- Information shown:

---+---

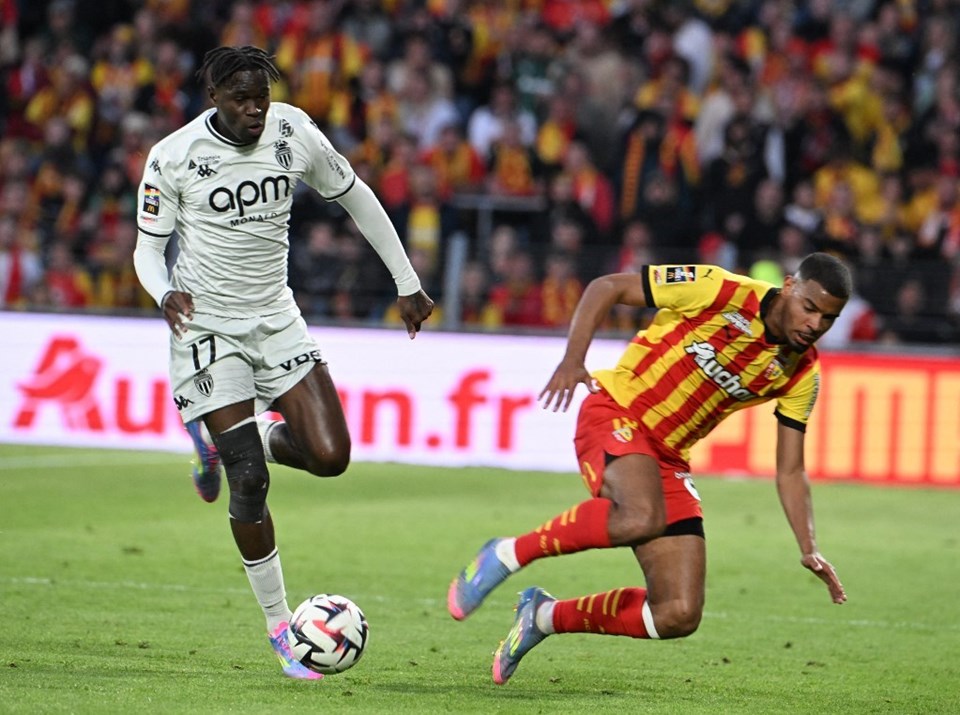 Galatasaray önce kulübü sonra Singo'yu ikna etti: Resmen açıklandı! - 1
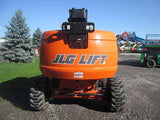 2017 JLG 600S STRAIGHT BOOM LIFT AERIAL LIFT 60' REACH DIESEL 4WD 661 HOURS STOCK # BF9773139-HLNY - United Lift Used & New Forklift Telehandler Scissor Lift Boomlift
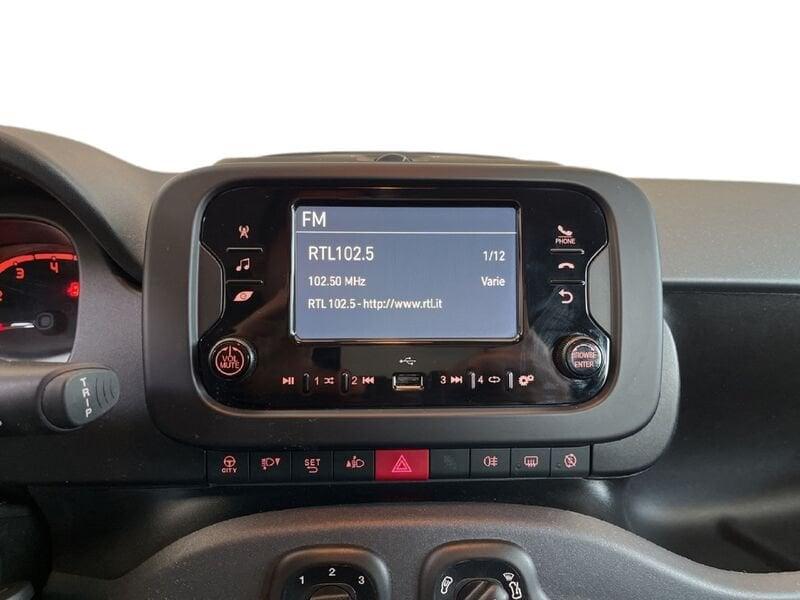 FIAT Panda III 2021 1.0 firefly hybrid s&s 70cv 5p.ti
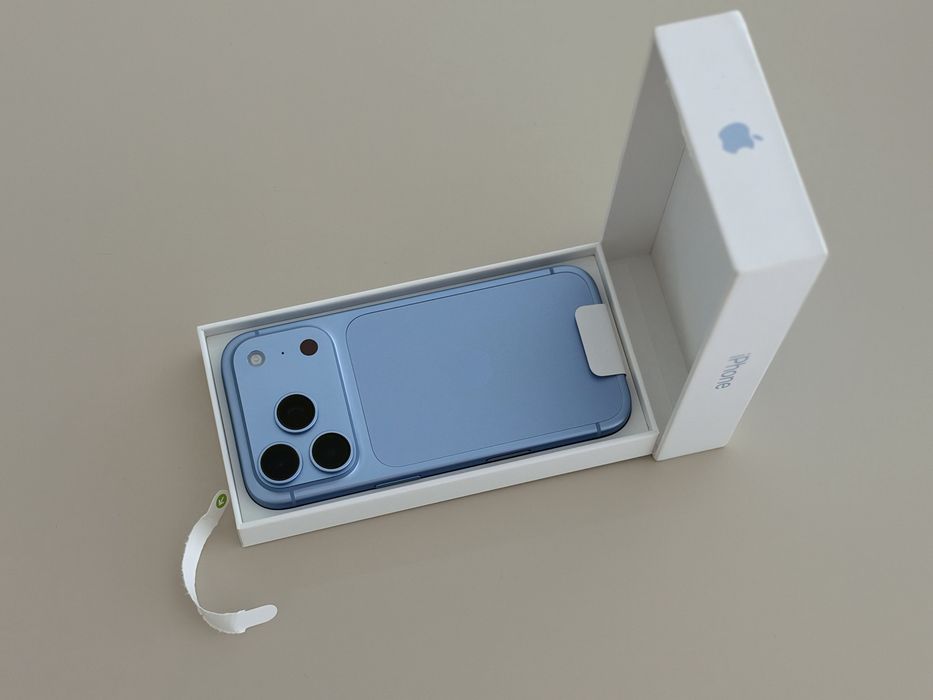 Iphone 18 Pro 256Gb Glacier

---+---

- Prompt: Lines from the one that contains "2017 JLG 600S" to the final line of the material are the whole answer. Reproduce them word for word and skip the pictures.

- Output below:
 2017 JLG 600S STRAIGHT BOOM LIFT AERIAL LIFT 60' REACH DIESEL 4WD 661 HOURS STOCK # BF9773139-HLNY - United Lift Used & New Forklift Telehandler Scissor Lift Boomlift
 FIAT Panda III 2021 1.0 firefly hybrid s&s 70cv 5p.ti
 Iphone 18 Pro 256Gb Glacier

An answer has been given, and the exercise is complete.